• **Task material**
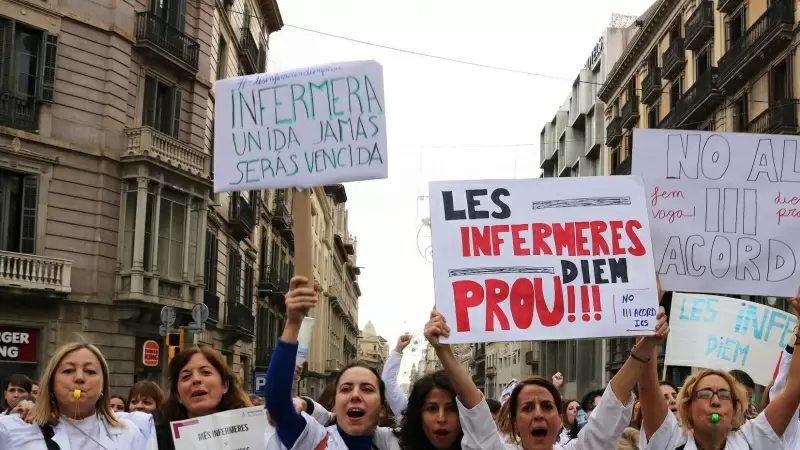 Infermeres mostrant cartells en contra del preacord de l'ICS, a Via Laietana.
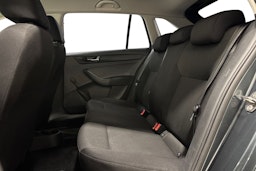 harmaa Skoda Rapid 2019 kuva 8.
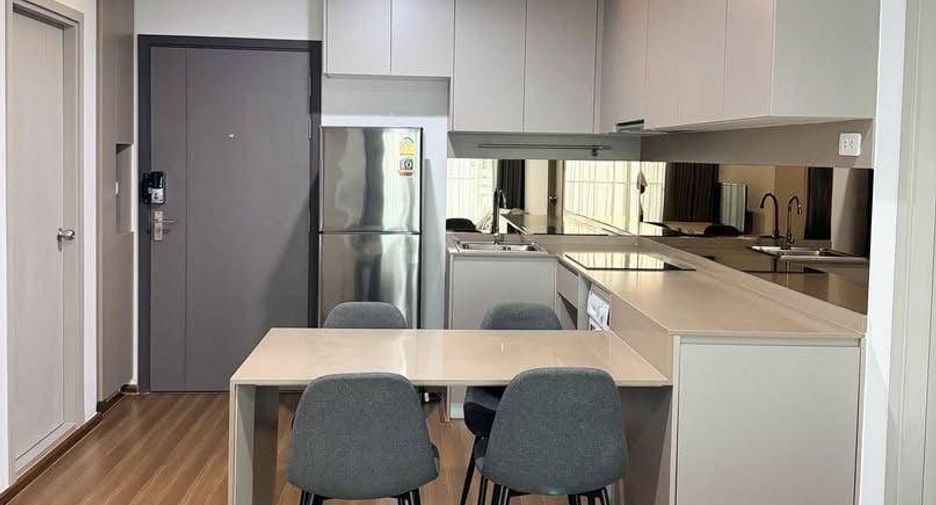 Condo en alquiler de 2 habitaciones en Phra Khanong, Bangkok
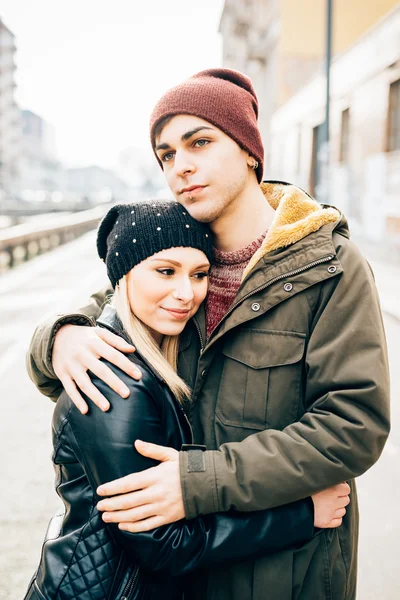 Casal amantes abraçando na rua — Fotografia de Stock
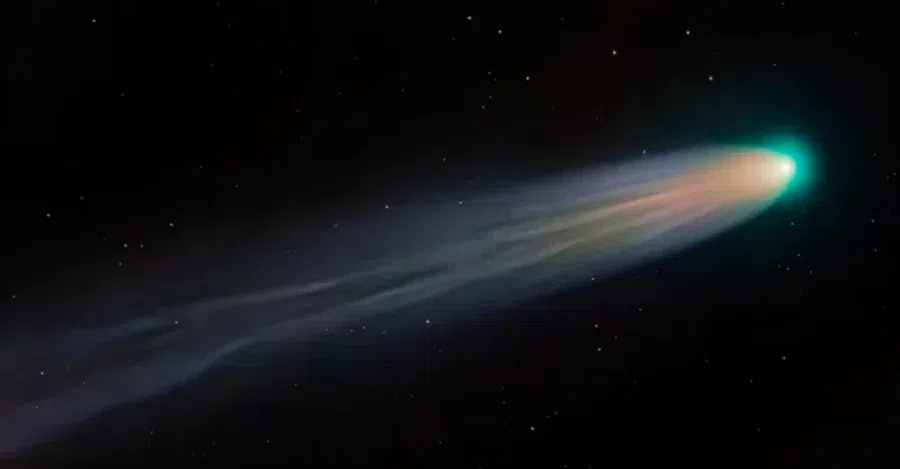 Комета Леонард пронзила ночное небо. Астрофотограф запечатлел событие с необычайной детализацией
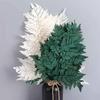 Decoração de casa – Flores e coroas artificiais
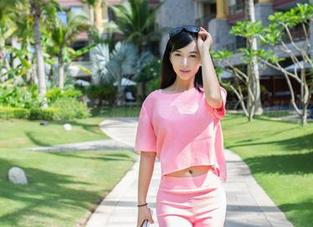 推女郎 – 当谭冰穿上棉袜，等不及想看她的私拍资源！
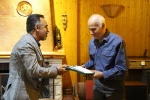 دیدار مدیرکل هنرهای نمایشی با خانواده شهید حسین قشقایی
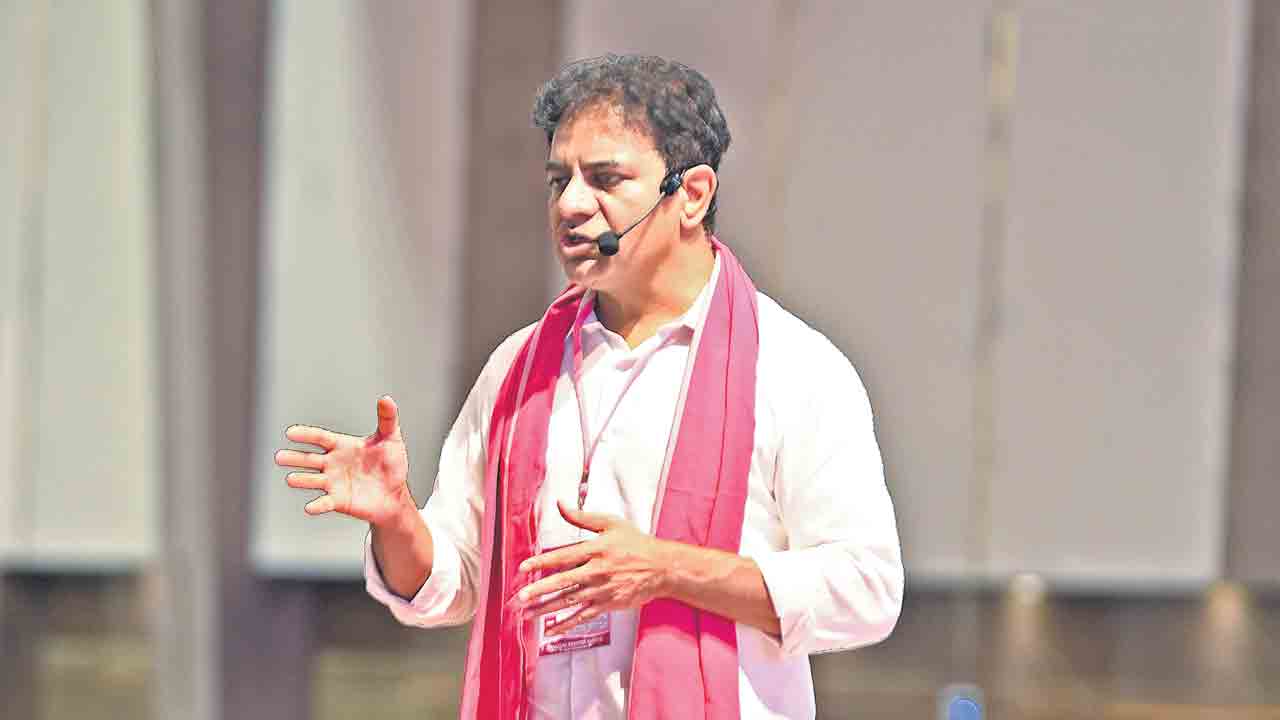 నగరాభివృద్ధి పట్టాలెక్కాలంటే.. కేసీఆర్‌ రావాలి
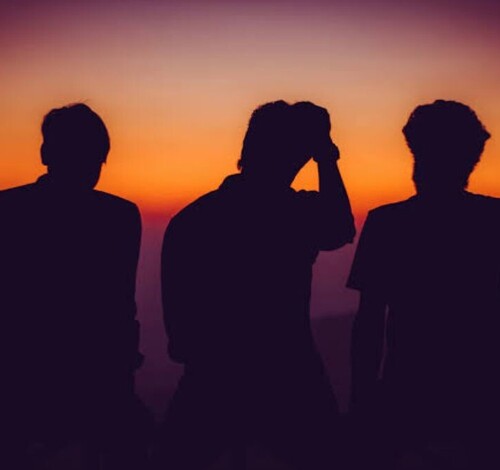 Casal “evoluído” faz a linha moderna, mas amante é recebido em festinha no lar doce lar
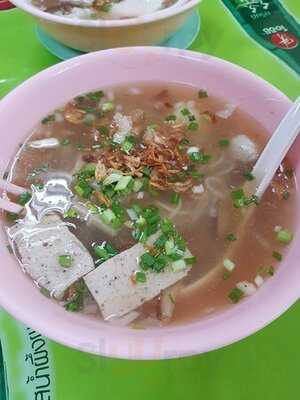ร้านอาหาร คุณแดงก๋วยจั๊บญวน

• **Problem to solve**
For this exercise, retype exactly, and only, the lines from the line with "Комета Леонард пронзила" through the last line of the material above, both included. Pictures stay out.

• **Response to the exercise**
 Комета Леонард пронзила ночное небо. Астрофотограф запечатлел событие с необычайной детализацией
 Decoração de casa – Flores e coroas artificiais
 推女郎 – 当谭冰穿上棉袜，等不及想看她的私拍资源！
 دیدار مدیرکل هنرهای نمایشی با خانواده شهید حسین قشقایی
 నగరాభివృద్ధి పట్టాలెక్కాలంటే.. కేసీఆర్‌ రావాలి
 Casal “evoluído” faz a linha moderna, mas amante é recebido em festinha no lar doce lar
ร้านอาหาร คุณแดงก๋วยจั๊บญวน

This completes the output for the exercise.